Sprachlosigkeit und gegenseitige Schuldzuweisung zeigen mangelndes Unrechtsbewusstsein. Medien wie WAZ, Bild oder WDR enthüllen nun nach dem Desaster Berge von Warnungen und Versäumnissen, die sie vorher bewusst nicht zur Kenntnis nehmen wollten. Kurzum: Es liegt ein kollektives Versagen vor, an dem fast alle beteiligt waren nach dem Motto: Der Zweck heiligt die Mittel und der Zweck (hier das Megamassenevent der loveparade) war a priori gesetzt und indiskutabel. Dementsprechend war alles erlaubt, was den Zweck erfüllte und alles und jede/r wurde ausgegrenzt und kalt gestellt, der den Zweck behindern oder in Frage stellen konnte. Der Polizeipräsident wurde kurzerhand in den Ruhestand versetzt, die massiven Bedenken des Bauamts vom Tisch gefegt und die Warnungen von Bürgern nicht aufgegriffen.
 
In vielen Gesprächen seit dem Blutsamstag von Duisburg kam jede/r auf das entsetzliche Tunnel-Trauma zu sprechen. Neben der Standardforderung nach Rücktritt der Jammergestalt des Duisburger OB und weiterer Verantwortlicher hörten wir aber auch mehrfach den Vorwurf an die Duisburger Bevölkerung, dass sie nicht vorher massiver rebellierte, um das absehbare Desaster abzuwenden. Gibt es denn in Duisburg keine MBI, die hätte Alarm schlagen können und müssen, war eine Frage etlicher Mülheimer/innen. Nein, mussten wir antworten, gibt es noch nicht, weil die DUBA in den Anfängen steckenblieb. Unabhängig davon ist aber auch in Mülheim die Resignation und Apathie gegenüber erkennbarer Unvernunft von Politik und Verwaltung bei großen Teilen der Bevölkerung weit fortgeschritten, nicht zuletzt wegen der Ruhrbania-Tortur, bei der für eine realitätsferne Vision eines Prestigeprojekts Innenstadt und Stadtfinanzen in Schutt und Asche gelegt wurden, ohne Not und ohne erkennbare Verbesserung. „Da kann man eh nix machen“ oder „Die machen doch sowieso, was sie wollen“ oder „Das ist doch inzwischen überall so: verlogen, korrupt und zerstörerisch“ sind die Standardsprüche. Die Menschen haben ja nicht Unrecht. Nur:
 
So langsam geht es ans Eingemachte:
 
Du schickst z.B. deine Kinder in die Sporthalle, kannst aber nicht mehr sicher sein, ob das Dach nicht bei Schnee o.ä. einkracht, weil die Vorschriften nicht beachtet wurden.

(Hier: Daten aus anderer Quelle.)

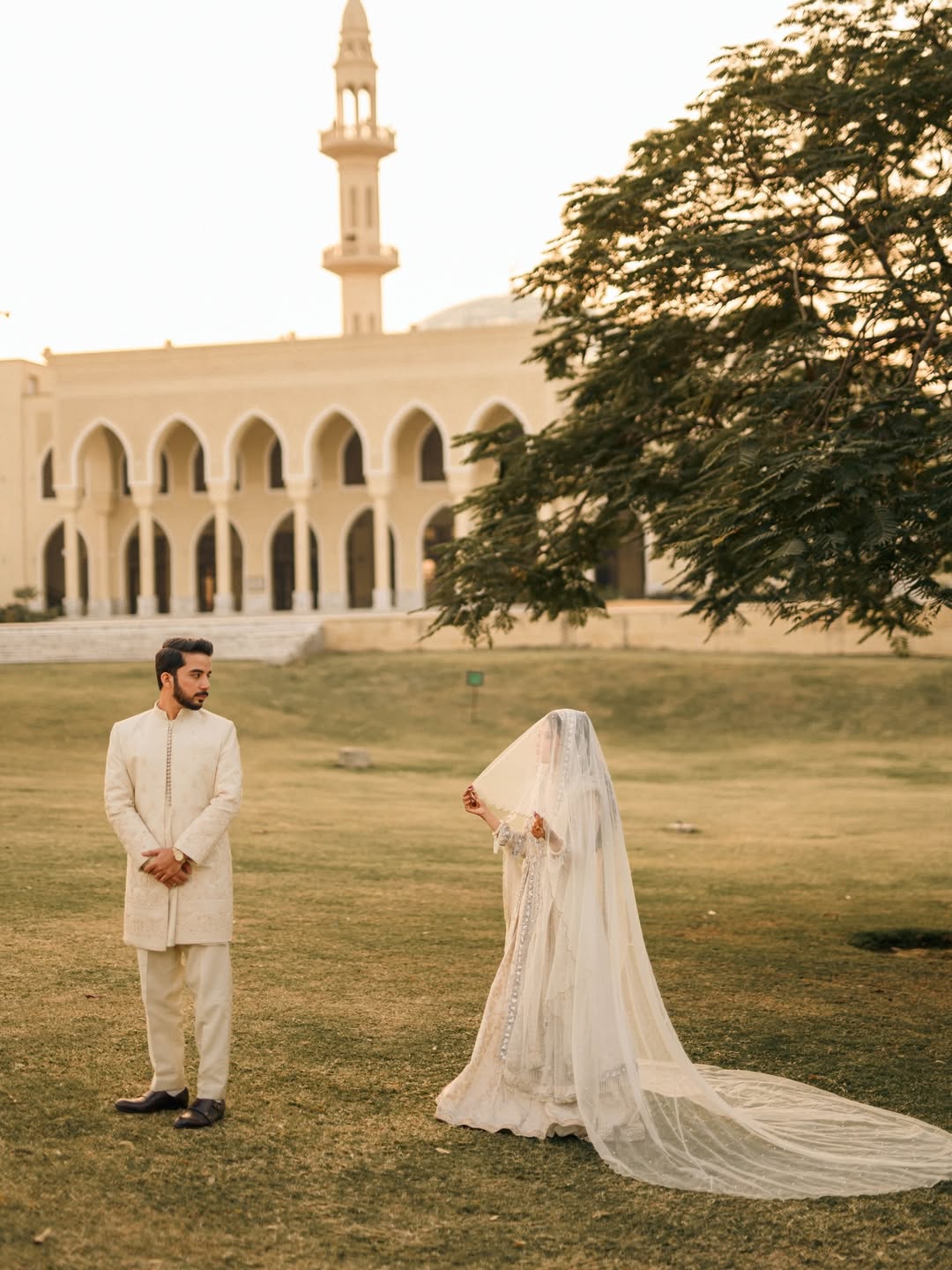 Long Nikkah bridal veil in sheer ivory fabric with delicate embellishments and a flowing train for a Pakistani Muslim wedding.
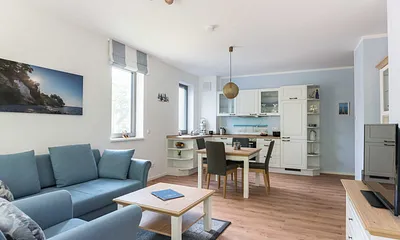 offener Wohnbereich mit bequemer Couch (Aufbettung 3. Person 1,60 m x 2,00 m), Sessel, Couchtisch, Stehlampe, Sideboard, Vitrine, Smart-TV sowie ein DAB Radio mit Bluetooth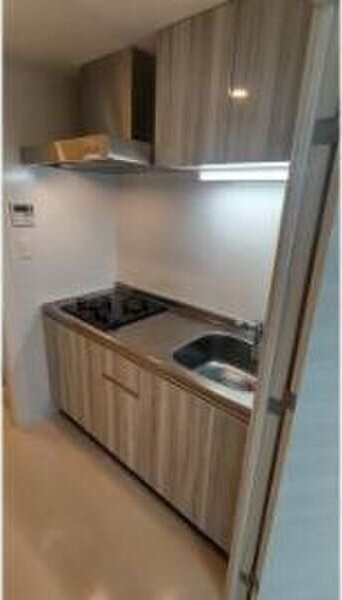キッチン　※写真は同じマンションの違う部屋のものになります。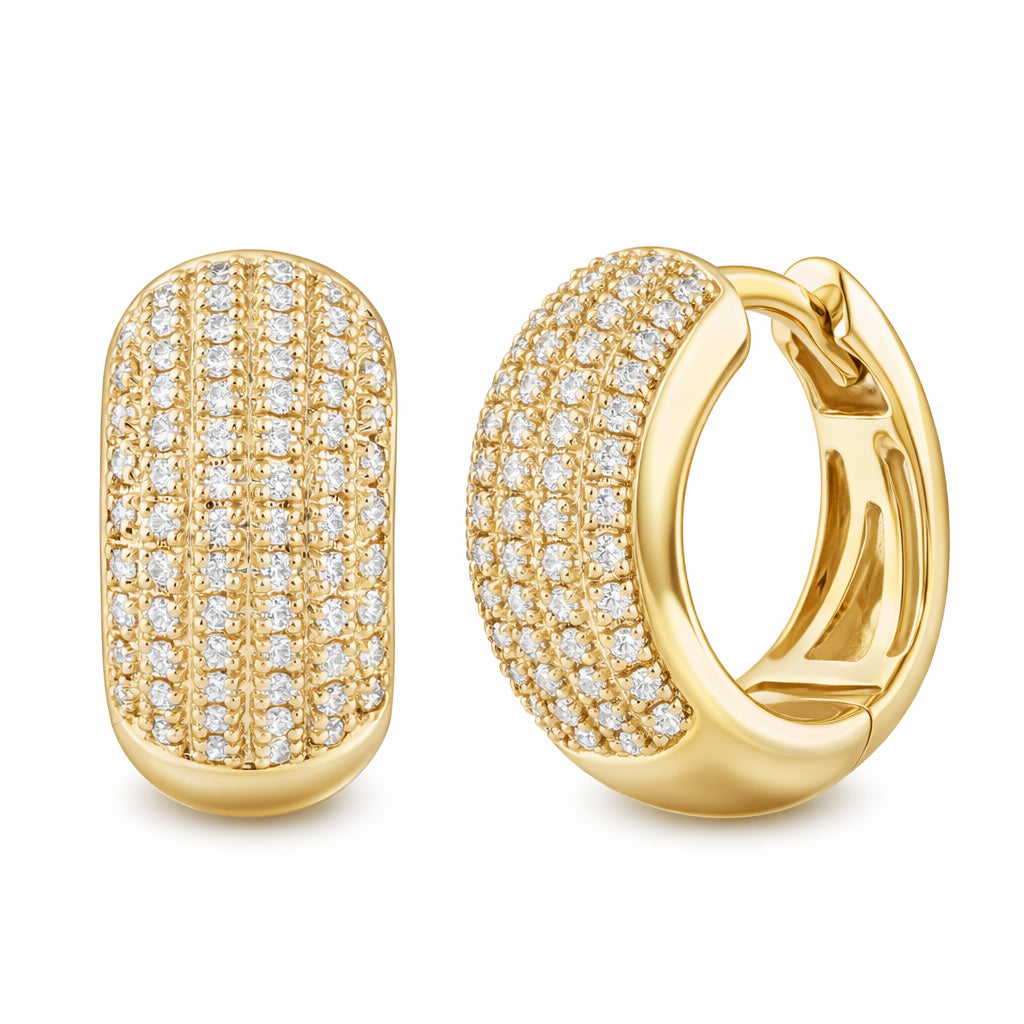 A pair of 14K gold dome pave diamond huggie earrings with a uniform sparkle pattern created by the arranged diamonds.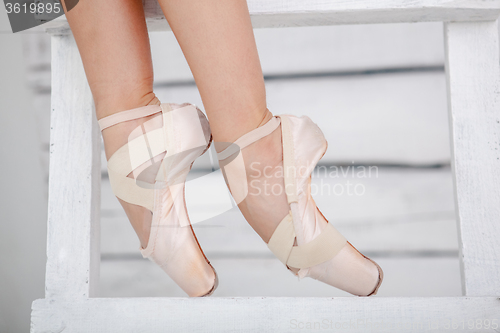 Image of the legs of a ballerina on white background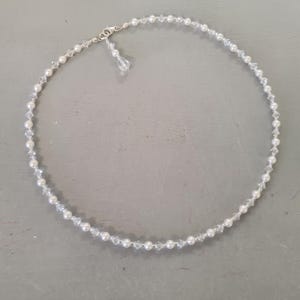 May include: A necklace composed of small white pearls and clear crystals, secured with a silver clasp. A small crystal pendant hangs from the clasp. This necklace is suitable for formal events or casual wear.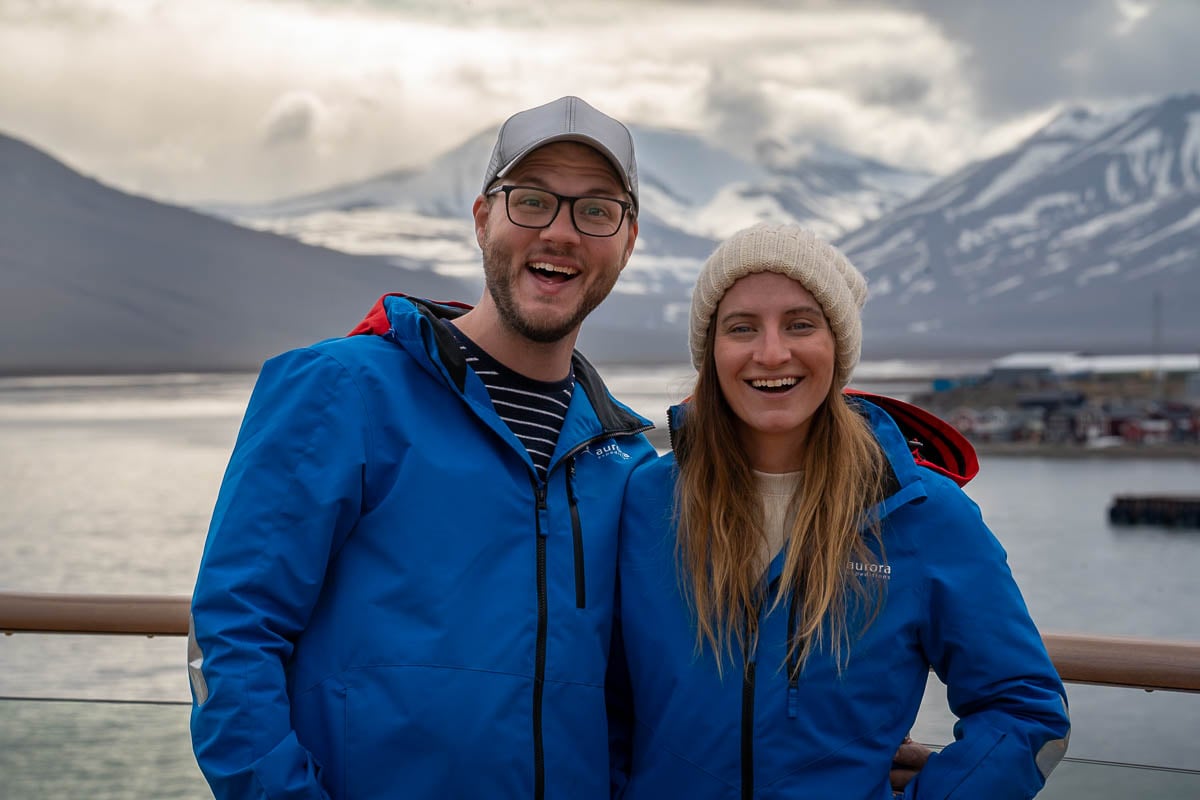 Couple wearing Aurora Expeditions waterproof parkas on a cruise ship in Longyearbyen, Svalbard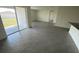 Bright living room with neutral tile flooring and sliding glass doors leading to the patio at 8864 Sw 49Th Cir, Ocala, FL 34476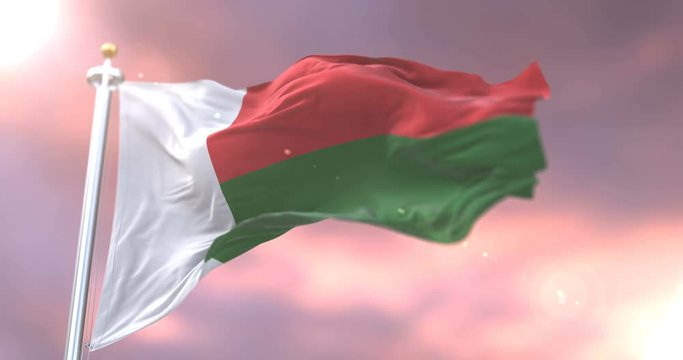 Madagascar flag waving at wind in slow at sunset, loop
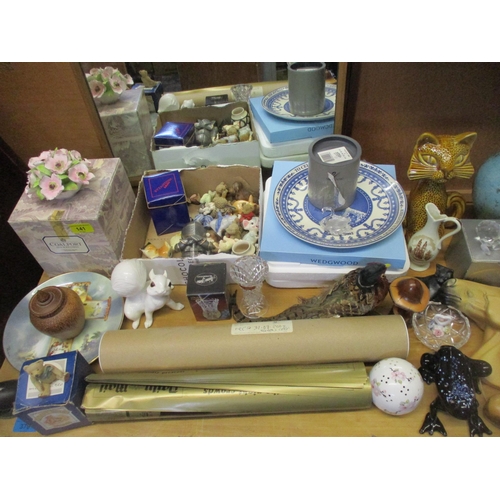 141 - A mixed lot of various ornaments to include a boxed Poole vase, Portmeirion coasters, Swarovski crys...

Oder du schaust fern und plötzlich stürzt dein Haus ein, weil darunter eine U-Bahn gebuddelt wird, bei der Filz und Korruption blühen, aber alle Sicherheitsvorkehrungen missachtet werden.
Oder du bzw. deine Kinder gehen zu einem Massenspektakel und können nicht sicher sein, dass auch nur die grundlegendsten Vorkehrungen gegen Panik o.ä. getroffen sind.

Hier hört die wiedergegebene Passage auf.